MIDDLETOWN, Calif. – Ranch managers Don and Martha Grimm barely escaped with only the clothes they were wearing as a destructive, fast-moving fire roared toward their Northern California home.
The couple, both in their 70's, held hands as they returned to their neighborhood to find only rubble where their home once stood. Martha Grimm broke down in tears.
"We didn't have a chance to react. It was here and we got out with the clothes on our back. All of our memories, everything is gone," Martha Grimm said.
Like the Grimms, some residents cried as they walked through the rubble of their homes while others shared amazing stories of survival when more people returned to their houses Tuesday and surveyed the twisted metal and smoking ruins left behind by a devastating California wildfire.

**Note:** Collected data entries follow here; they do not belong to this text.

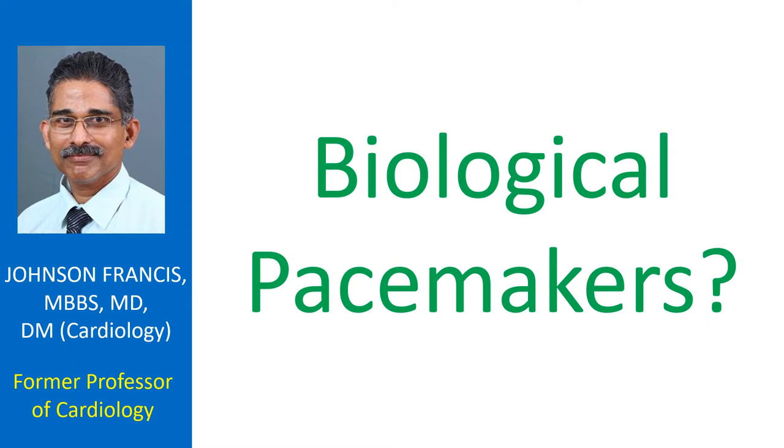The unresolved issues are the longevity and safety of pacemaker genes. Potential for induction of arrhythmias also has to be considered.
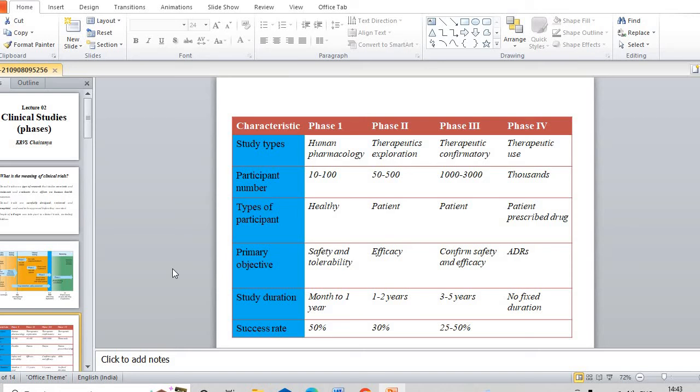Phase 4 clinical trials are used for therapeutic usage. Thousands of patients are involved. This is post-marketing surveillance, pharmacovigilance. This means the drug has been released in the market. After that, we look out whether that particular drug is showing any kind of adverse drug reactions or not. It has a fixed duration and is a continuous process. This is the major thing of clinical trials.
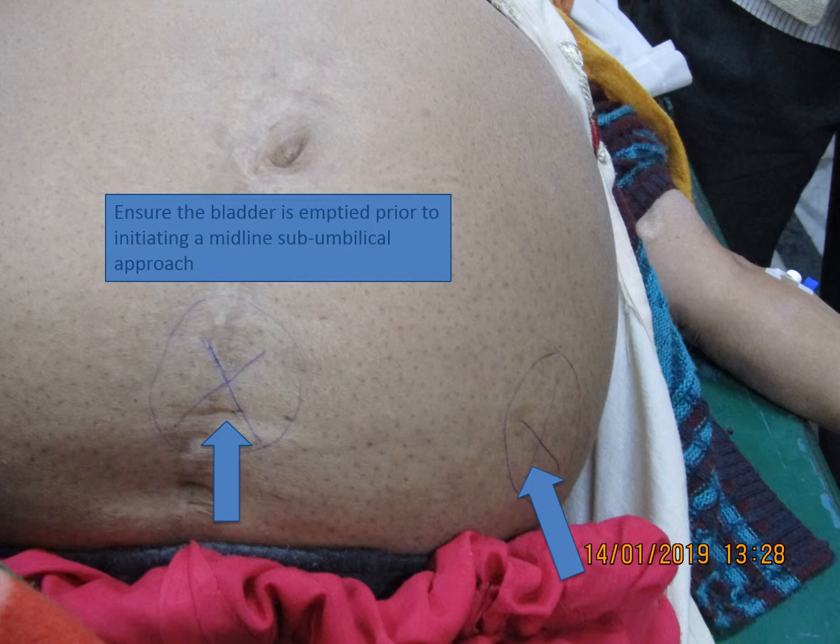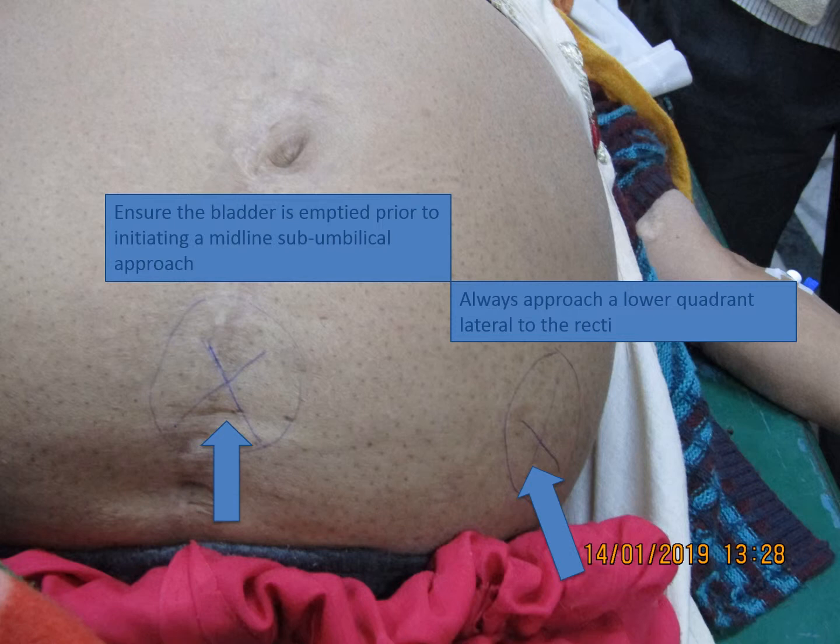Areas of surgical scars, such as a midline scar in this patient, should be avoided as bowel may be adherent to the peritoneal surface of the abdomen at these locations. This most frequently is an impediment to the right lower quadrant approach secondary to an appendectomy scar. In cirrhotic patients on lactulose, excessive gas produced during its bacterial metabolism may result in a dilated cecum, so a right lower quadrant approach is preferably avoided in such patients. In either of the lower quadrant approaches, the site of needle entry should be ensured to be lateral to the border of the rectus abdominis muscle to prevent injury to the inferior epigastric artery.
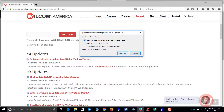Once it finishes downloading, you will make sure that you disable your antivirus before you do the installation. As you click install and it begins to install, you just follow the prompts. At the end you'll restart your computer, and when it restarts you will go back into your software and it should be updated at that point.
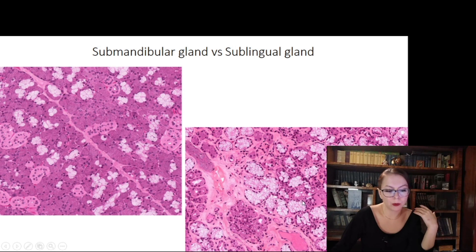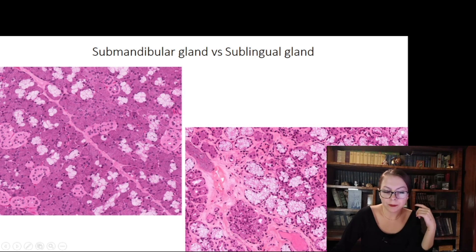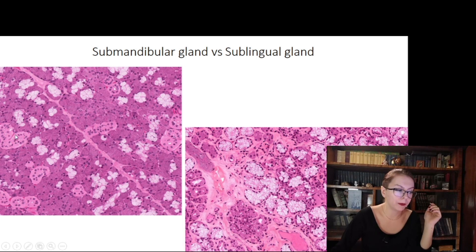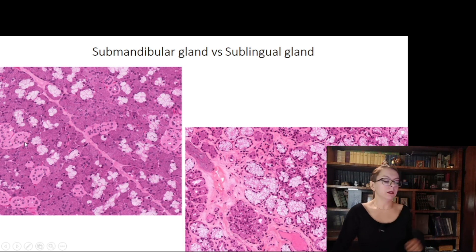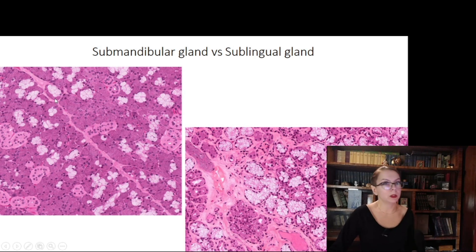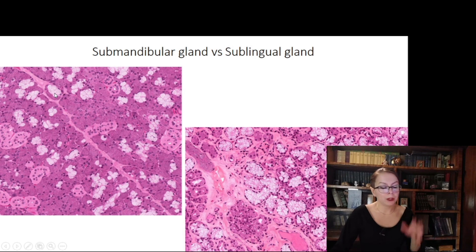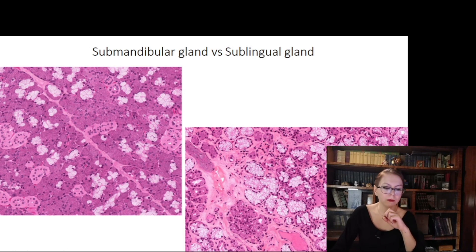In the sublingual gland, vice versa — mucous cells predominate over serous acini. If you see acini with empty cells predominating over serous acini, this is the sublingual gland. Also pay attention to the striated ducts, which are well prominent in both cases. Notice the mixed acinus: serous cells form the so-called demilunes over the centrally located mucous cells — a well-known feature.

Don Grimm said he was surprised to find the ranches' chickens, horses and llamas survived the fire. But ten sheep in a barn didn't make it.
Aided by drought, the flames have consumed more than 105 square since the fire sped Saturday through rural Lake County, less than 100 miles north of San Francisco. It was 30 percent contained Tuesday evening.

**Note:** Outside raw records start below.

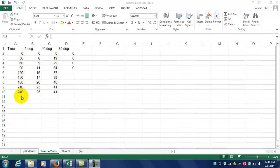In this video, I'm going to show you how to do the graphs for the Enzyme Activity Lab. This process will work for both sets of data. Remember that you have temperature-based data and pH-based data.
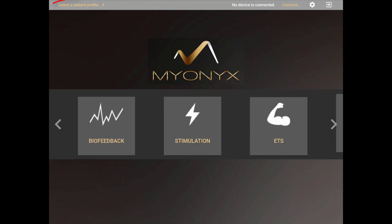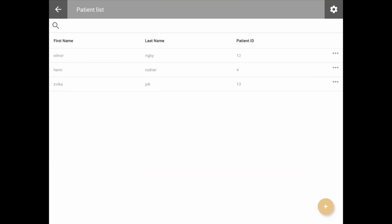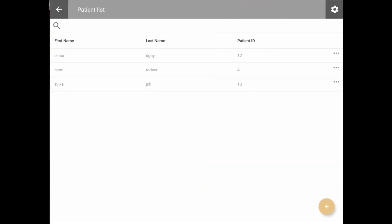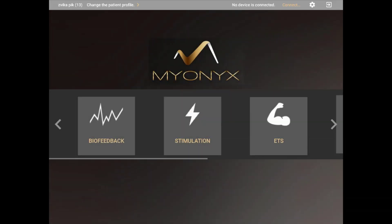You may then select a patient from the patient list by clicking Select Patient on the top status bar. Selecting and switching between patients can be done at any time from the status bar. You may also run a session anonymously with no patient selected. If a patient is selected, all the settings previously used with this patient will load automatically and the sessions may be saved into their patient file once completed.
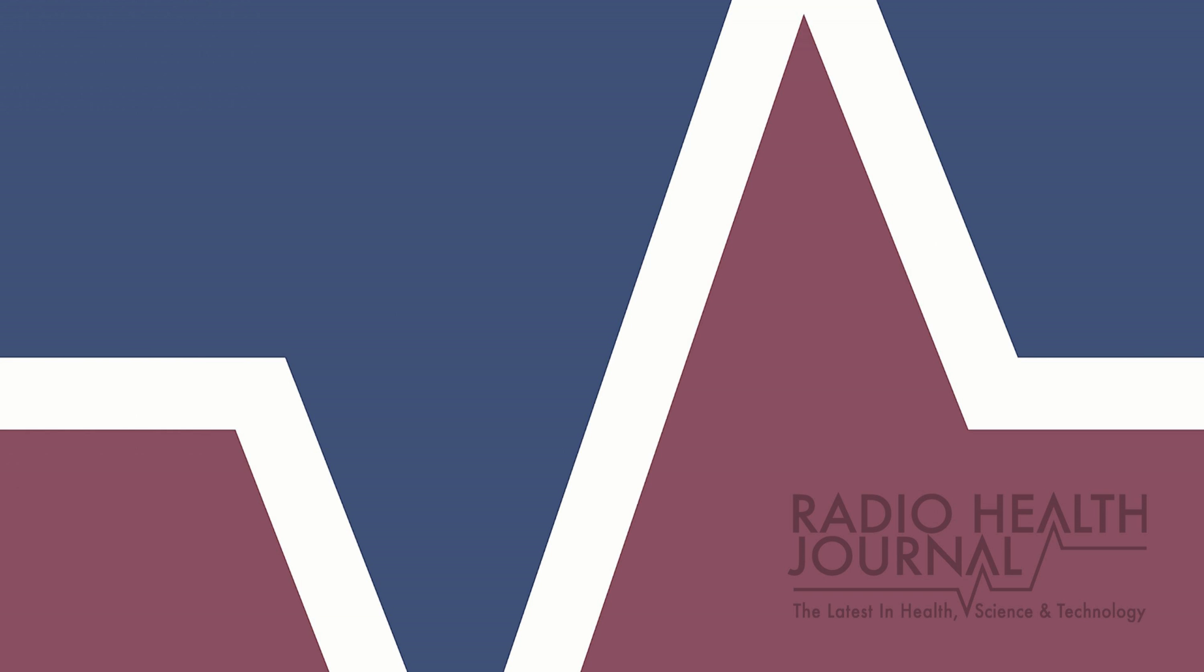This is Radio Health Journal. I'm Nancy Benson. This week, the horrific origins of chemotherapy. Part of the reason this story is so little known was that no one wanted to tell patients that they were receiving a chemical weapon. Classified World War II disaster that launched the war on cancer when Radio Health Journal returns.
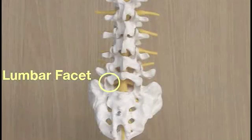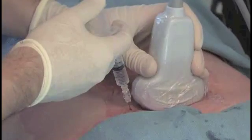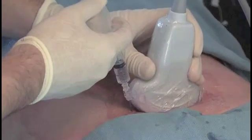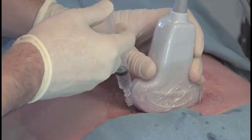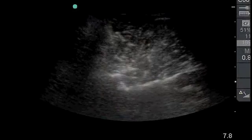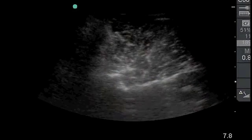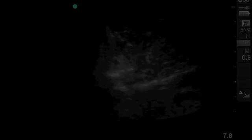Lumbar facet, or zygapophyseal joint pain, is a fairly common cause of low back pain in certain subsets of patients. Lumbar facet joint injection is both a diagnostic and therapeutic procedure. Ultrasound guidance allows for direct visualization of the lumbar facet without fluoroscopy.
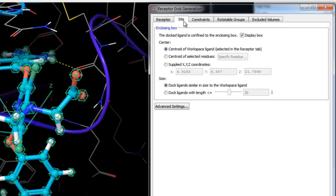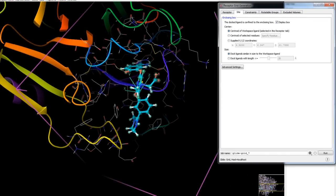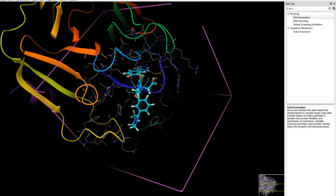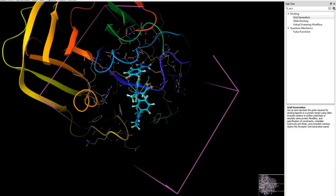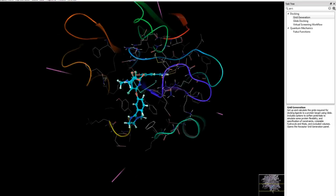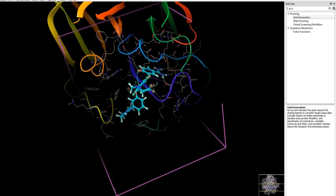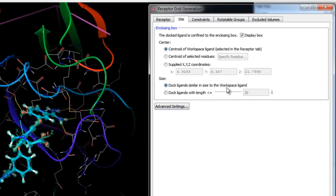Now that the ligand has been excluded, we can proceed to the Site tab to define the active site volume for which grids will be calculated. These settings determine where the scoring grids are positioned. The purple enclosing box, representing the volume of the protein for which grids will be calculated, is automatically defined by the centroid of the ligand selected in the receptor tab.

Fire crews gained some ground thanks to cooler weather and there was chance of rain for Tuesday night and Wednesday, which could help firefighters strengthen and build new containment lines, fire officials said.

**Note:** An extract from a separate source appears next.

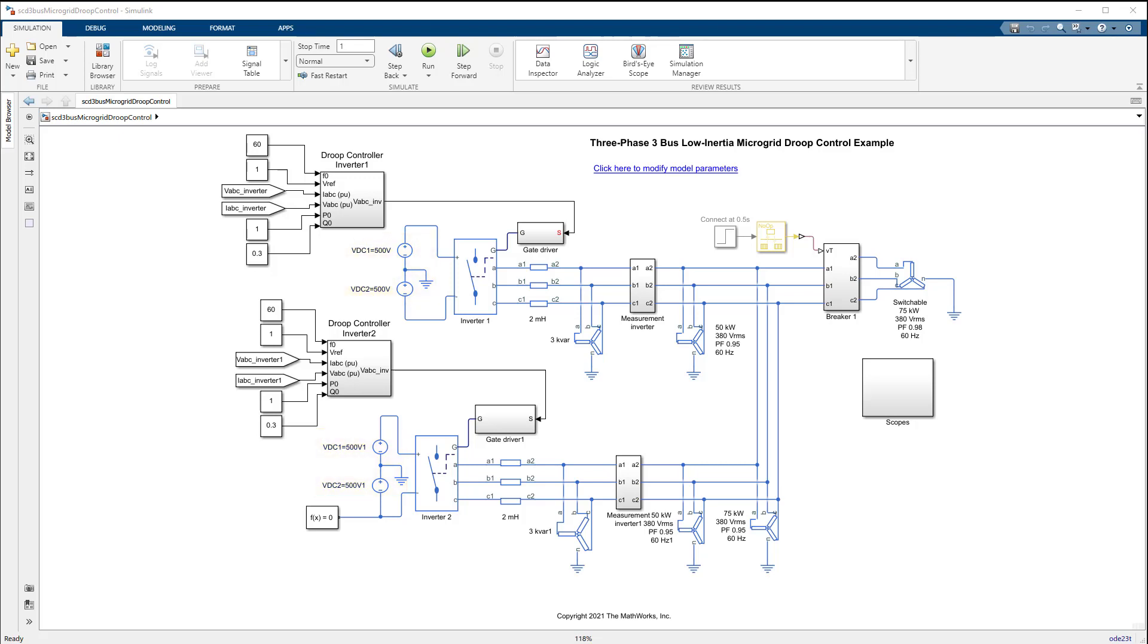The concept of microgrid is enabled by controllers associated with power electronics interfaces such as these inverters here between the cells and the network.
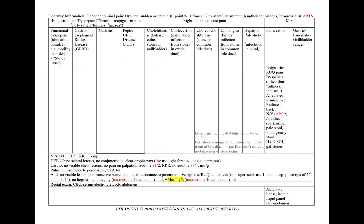In pancreatitis, we can have a mix of both epigastric and right upper quadrant pain. Our patient can have dyspepsia, and the pain can be alleviated by leaning forward and radiating to the back. If we see nausea and vomiting, we document the amount, blood, and color of the vomitus. We can have jaundice and foul, greasy stools from the absence of pancreatic enzymes, and a history of alcohol or gallstones in gallstone pancreatitis. We add amylase, lipase, lipid panel, and an ultrasound of the abdomen to our workup.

Rancher Lisa Comstock said she and her three dogs survived the raging fire in rural Middletown by jumping into a water trough as flames neared her home.
Comstock was also able to keep her horses nearby as the fire burned around them.
"The flames were coming over that mountain and surrounding this place like there was no tomorrow," she said. "I jumped in the water trough with all the dogs, and the horses came up around. Thank God they just stayed here."
At one point she was sure she wasn't going to make it but talking to her animals helped her and the animals keep calm.
"If this is how I go, I'm not leaving these animals. That's all I could think of," she said.
Fire investigators working to determine what caused the massive blaze have narrowed their focus to an area in the community of Cobb, where the blaze was first spotted, said California Department of Forestry and Fire Protection spokesman Daniel Berlant.
What sparked the blaze remains under investigation, he said.
Authorities say 585 homes were known to be destroyed, and the number was expected to increase. Another 9,000 structures remained threatened.
The Lake County fire and another blaze about 120 miles to the southeast have displaced 23,000 people and were the worst of a dozen wildfires burning in the state. The Lake County fire spread into northern Napa County, but the region's famous wine valley was not threatened.
The utility companies were trying to restore power to the area and water was flowing in some areas of town.
One person has been confirmed dead, and others were unaccounted for, but authorities said they could be staying with relatives, on vacation or elsewhere and not impacted by the fire.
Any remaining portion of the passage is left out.